Innerarity añade aquí otro elemento sobre el papel de las redes sociales y al que sin duda contribuyen este perfil de mandatarios: “Polarizan, pero también banalizan”, esgrime. “Por supuesto todavía tienen sus efectos, pero han disminuido su valor como fuente de autoridad”, advierte sobre estas plataformas.

Este aumento de la tensión en el debate sociopolítico ha ido de la mano de una serie de escándalos (especialmente de abusos sexuales contra mujeres y policiales contra negros) que ha tensado la cuerda. Una de las partes básicas de la cultura de la cancelación residía en la reivindicación del poder adquirido por el ciudadano de a pie para participar y crear opinión, pudiendo reprochar este tipo de actitudes sin tener que pasar el filtro de acceso a los medios de comunicación por primera vez en la historia. Cada ciudadano ya dispone de su altavoz en forma de smartphone. Una nuevacapacidad que conlleva el riesgo de exagerar estas peticiones de cancelación. “El problema es que simplifica demasiado. El término se utiliza en tantos contextos que ha llegado a convertirse en una palabra sin significado que excluye los matices sobre el daño concreto y sobre aquellos que deberían rendir cuentas por ese daño”, escribía la periodista Sarah Hagi hace unos meses en la revista Time.

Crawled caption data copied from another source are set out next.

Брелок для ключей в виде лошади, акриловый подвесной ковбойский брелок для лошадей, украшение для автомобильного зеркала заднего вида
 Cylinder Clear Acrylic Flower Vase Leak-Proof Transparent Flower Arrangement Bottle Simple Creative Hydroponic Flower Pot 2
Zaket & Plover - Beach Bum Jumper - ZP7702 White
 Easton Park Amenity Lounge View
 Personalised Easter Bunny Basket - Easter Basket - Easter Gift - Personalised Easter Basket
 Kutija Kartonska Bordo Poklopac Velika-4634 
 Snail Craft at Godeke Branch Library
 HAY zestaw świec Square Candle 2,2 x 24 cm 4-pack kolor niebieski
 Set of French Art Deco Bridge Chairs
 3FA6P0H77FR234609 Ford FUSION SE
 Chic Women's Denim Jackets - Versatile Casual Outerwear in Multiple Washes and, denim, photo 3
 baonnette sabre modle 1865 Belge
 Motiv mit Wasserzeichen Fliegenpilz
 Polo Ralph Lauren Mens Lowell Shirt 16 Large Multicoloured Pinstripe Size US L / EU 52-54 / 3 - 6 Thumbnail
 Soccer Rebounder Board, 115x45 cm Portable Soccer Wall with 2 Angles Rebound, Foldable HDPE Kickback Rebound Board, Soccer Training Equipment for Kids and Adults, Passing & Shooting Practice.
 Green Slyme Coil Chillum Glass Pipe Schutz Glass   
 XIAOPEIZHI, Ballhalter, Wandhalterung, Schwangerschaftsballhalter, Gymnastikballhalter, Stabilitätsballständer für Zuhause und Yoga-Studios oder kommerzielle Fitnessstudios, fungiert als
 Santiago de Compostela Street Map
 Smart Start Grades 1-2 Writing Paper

Esta ocasional falta de reflexión conlleva dos riesgos: por un lado, juzgar demasiado rápido si no se ejecuta con reposo y reflexión el proceso de cancelación y por otro, brindar excusas a aquellos que sí han cometido comportamientos socialmente reprochables. Estos se escudan denunciando ‘cazas de brujas’ y la intolerancia de la que son víctimas al no otorgárseles el derecho a defenderse.

Volvemos aquí a la carta de los intelectuales estadounidenses. “No debemos permitir que la resistencia -en referencia a los movimientos reivindicativos- se convierta en dogma y coerción, algo que la extrema derecha ya está explotando”, pedían los 153 de Harper’s subrayando ese victimismo del que echan mano algunos sectores. Entonces, ¿estamos haciendo el juego a la ultraderecha al reclamar pluralidad y que no se ‘censure’ ninguna opinión? ¿Dónde fijamos la línea de lo tolerable? ¿Cuándo como sociedad debemos decir ‘basta ya’?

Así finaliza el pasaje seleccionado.